TASK DESCRIPTION.
From the data, return each line holding the word "Shorts".

___

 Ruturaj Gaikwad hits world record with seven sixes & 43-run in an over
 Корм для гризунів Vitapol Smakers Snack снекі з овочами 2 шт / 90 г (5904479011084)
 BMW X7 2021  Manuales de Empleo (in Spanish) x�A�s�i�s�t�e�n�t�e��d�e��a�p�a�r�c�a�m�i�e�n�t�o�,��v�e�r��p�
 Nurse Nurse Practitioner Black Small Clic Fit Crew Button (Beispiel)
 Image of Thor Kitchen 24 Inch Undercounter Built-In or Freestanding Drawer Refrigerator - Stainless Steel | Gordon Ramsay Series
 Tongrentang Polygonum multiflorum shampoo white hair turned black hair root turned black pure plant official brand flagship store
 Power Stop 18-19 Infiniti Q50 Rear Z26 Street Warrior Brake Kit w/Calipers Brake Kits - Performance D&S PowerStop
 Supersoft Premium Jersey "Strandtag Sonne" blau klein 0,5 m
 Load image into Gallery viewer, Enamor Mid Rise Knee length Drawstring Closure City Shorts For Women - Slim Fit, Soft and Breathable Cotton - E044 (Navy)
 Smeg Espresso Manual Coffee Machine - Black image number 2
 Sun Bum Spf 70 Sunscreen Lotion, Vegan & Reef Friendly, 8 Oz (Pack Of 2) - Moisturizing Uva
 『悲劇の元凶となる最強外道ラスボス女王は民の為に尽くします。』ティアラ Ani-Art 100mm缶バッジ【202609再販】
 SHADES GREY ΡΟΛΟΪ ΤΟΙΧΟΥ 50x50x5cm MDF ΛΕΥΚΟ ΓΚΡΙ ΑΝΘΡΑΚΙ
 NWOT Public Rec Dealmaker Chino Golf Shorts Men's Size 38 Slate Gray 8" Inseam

___

SOLUTION BELOW.
 Load image into Gallery viewer, Enamor Mid Rise Knee length Drawstring Closure City Shorts For Women - Slim Fit, Soft and Breathable Cotton - E044 (Navy)
 NWOT Public Rec Dealmaker Chino Golf Shorts Men's Size 38 Slate Gray 8" Inseam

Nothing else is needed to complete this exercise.